It's the music that matters in Die Tote Stadt, with its
sweeping climaxes, broad gestures and Wagnerian leitmotifs. It's
lush, hyper-Romantic stuff, most reminiscent of Richard Strauss, and
it is by the far the best thing about this evening. A mishmash of
Freudian angst, sex, death and obsession, the story might keep an
audience of psychiatrists enthralled without the music. But the rest
of us? Probably not.
The production, which tries too hard to embellish the story with
symbolism, at least serves the music well by placing the singers
inside a stage within a stage. This smaller box inside the
proscenium helps project the singers' sound, of particular benefit
to tenor Torsten Kerl, whose wiry voice needed all the help it could
get to cut through Korngold's thick orchestrations. But Willy
Decker, who directed Wolfgang Gussmann's original production in
Salzburg, slathered on an overwrought style that had some of the
audience tittering in disbelief.
One of the missteps required soprano Emily Magee to sing the entire
final scene in a bald wig, a serious miscalculation because she
twice quite prominently refers to her hair. Besides, she is supposed
to be seducing the tenor, which beggars believability if the singer
looks like Sinead O'Connor in white face. Another oops involved
several rotating soft-sculpture houses that seemed to have escaped
from a children's television program. They traverse the back of the
stage in Act II. The original stage directions call for a row of
homes along a canal to provide the backdrop for a flashback scene.
It's a stretch.
Magee deployed a potent soprano and a strong stage presence as
Marietta, the woman who so reminds Paul of his late wife, Marie,
that he believes it is she reincarnated. Still mourning her years
after his death, he lives in a room in Bruges, Belgium, that he has
turned into a shrine to her. He fondles a reliquary that holds her
hair. It becomes clear that he is mentally unhinged.
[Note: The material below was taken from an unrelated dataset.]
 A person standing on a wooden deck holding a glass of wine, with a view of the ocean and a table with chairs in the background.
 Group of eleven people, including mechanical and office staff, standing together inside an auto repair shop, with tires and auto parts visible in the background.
In the first scene, having invited the mystery woman to his home,
she sweeps into his life, a dancer full of the vitality that he has
been missing. Repulsed by his morbidity, she is fascinated enough to
want to use her charms on him. They sing Marietta's Lied, one
of several gorgeous tunes that drip just enough Viennese schmaltz to
make things interesting without going completely over the top. The
scene ends with a second smaller copy of the room materializing
upstage with Marie (also sung by Magee) singing to Paul's double
that he should starting living again.
In Act II, Paul goes to visit Marietta and her commedia dell'arte
troupe as they rehearse a scene from Meyerbeer's Robert Le Diable,
but Marietta makes it into a parody of death (complete with a
slow-motion religious procession upstage). As a diversion, Fritz,
the Pierrot, sings the bittersweet Tanzlied, the most
beautiful and famous piece in the opera. Baritone Lucas Meacham
sang it (and the role of Frank) with supple tone and impressive
delicacy. Inspired, Marie redoubles her efforts to seduce Paul, and
she succeeds. In this production, however, she tears off her wig as
she approached him, which makes the seduction ironic instead of
sexy.
In Act III, the scene continues. Put off by Paul's obsession with
Marie, Marietta taunts him by putting Marie's hair on her head.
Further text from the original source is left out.